# Required work
Your answer should give again, exactly, the lines from the beginning of the entries below through the line containing "Peppers Ferry Rd". It must contain no pictures.

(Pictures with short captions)
..............................

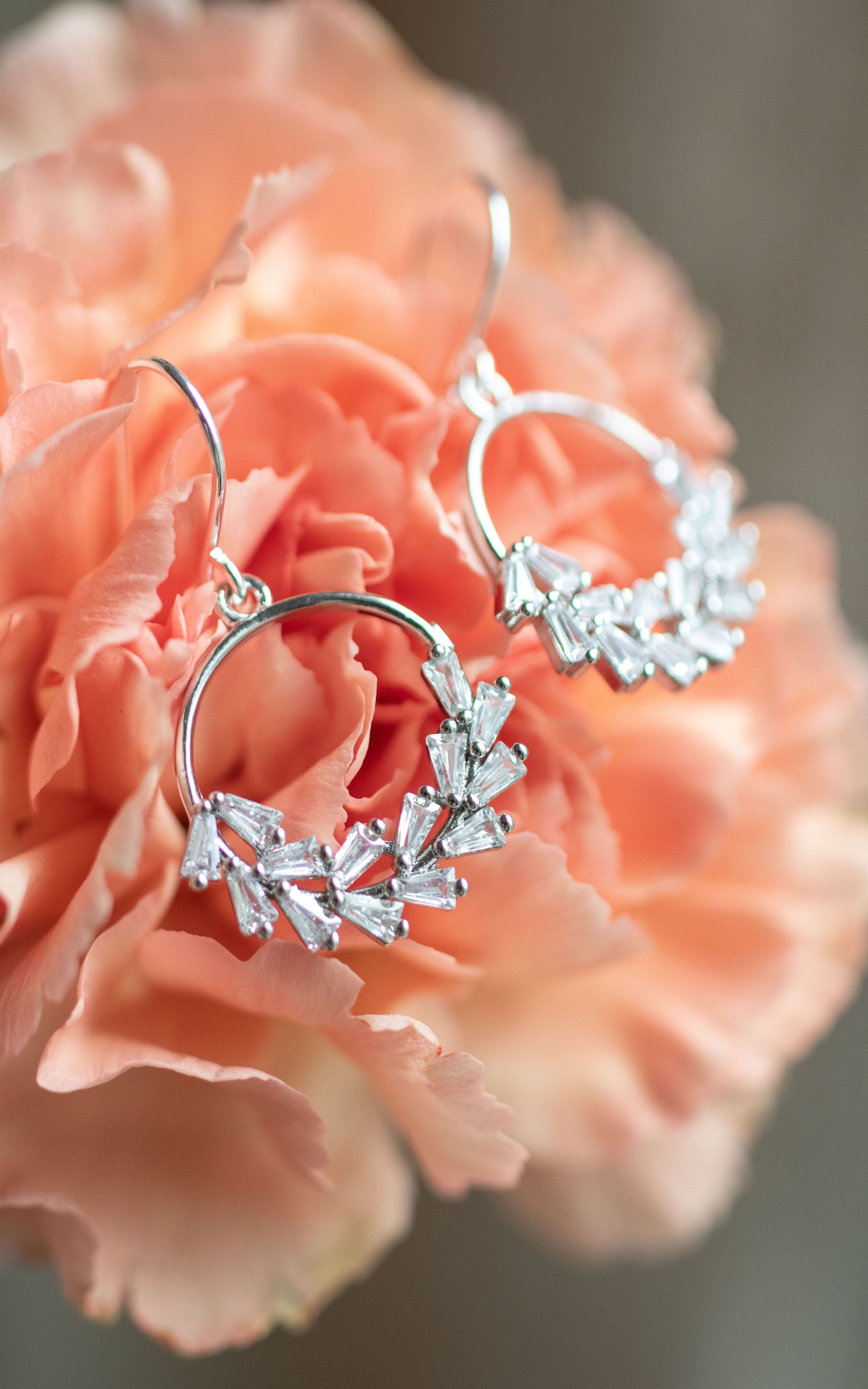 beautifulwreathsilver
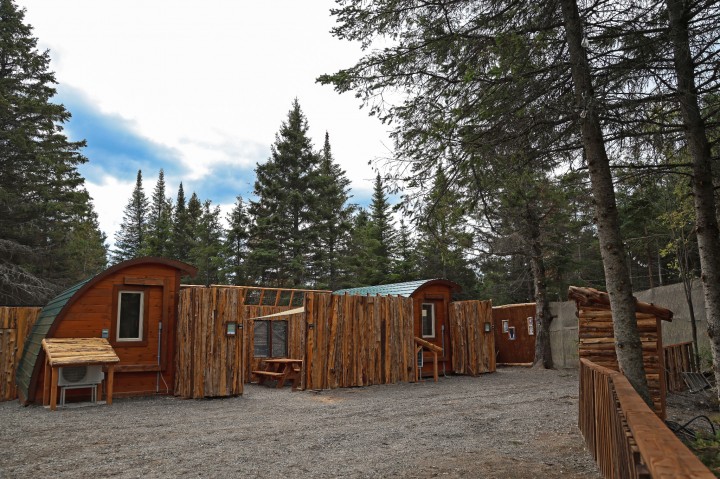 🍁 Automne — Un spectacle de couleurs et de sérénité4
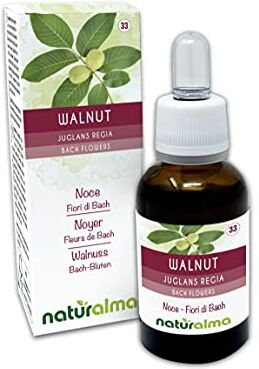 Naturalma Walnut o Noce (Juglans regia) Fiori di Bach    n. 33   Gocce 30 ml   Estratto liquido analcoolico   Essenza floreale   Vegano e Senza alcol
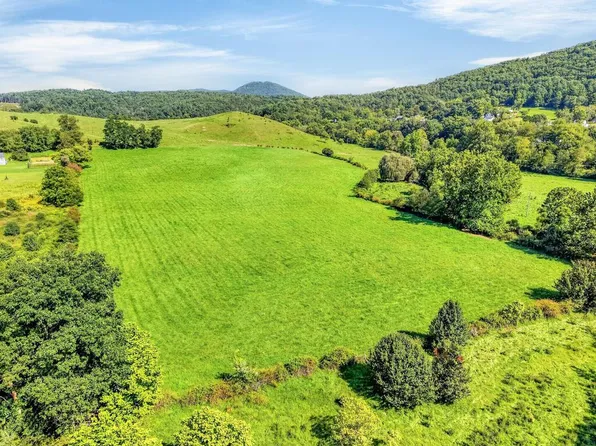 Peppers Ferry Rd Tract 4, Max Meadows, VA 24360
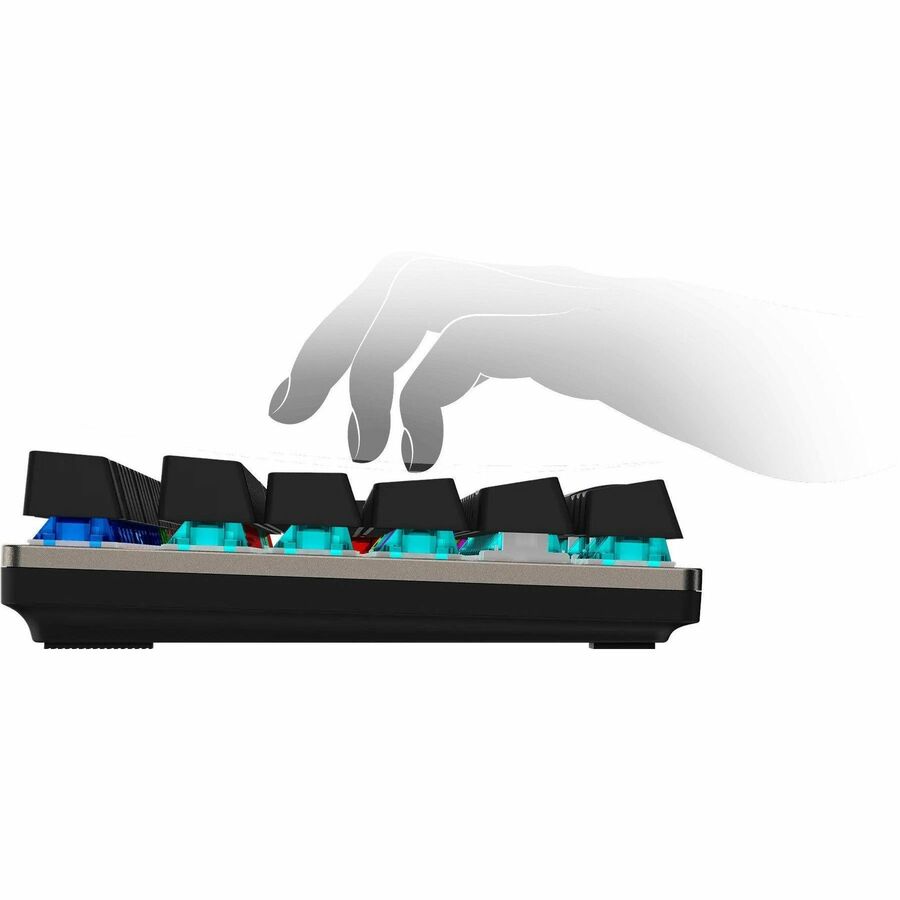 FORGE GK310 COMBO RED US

..............................

# Finished exercise
 beautifulwreathsilver
 🍁 Automne — Un spectacle de couleurs et de sérénité4
 Naturalma Walnut o Noce (Juglans regia) Fiori di Bach    n. 33   Gocce 30 ml   Estratto liquido analcoolico   Essenza floreale   Vegano e Senza alcol
 Peppers Ferry Rd Tract 4, Max Meadows, VA 24360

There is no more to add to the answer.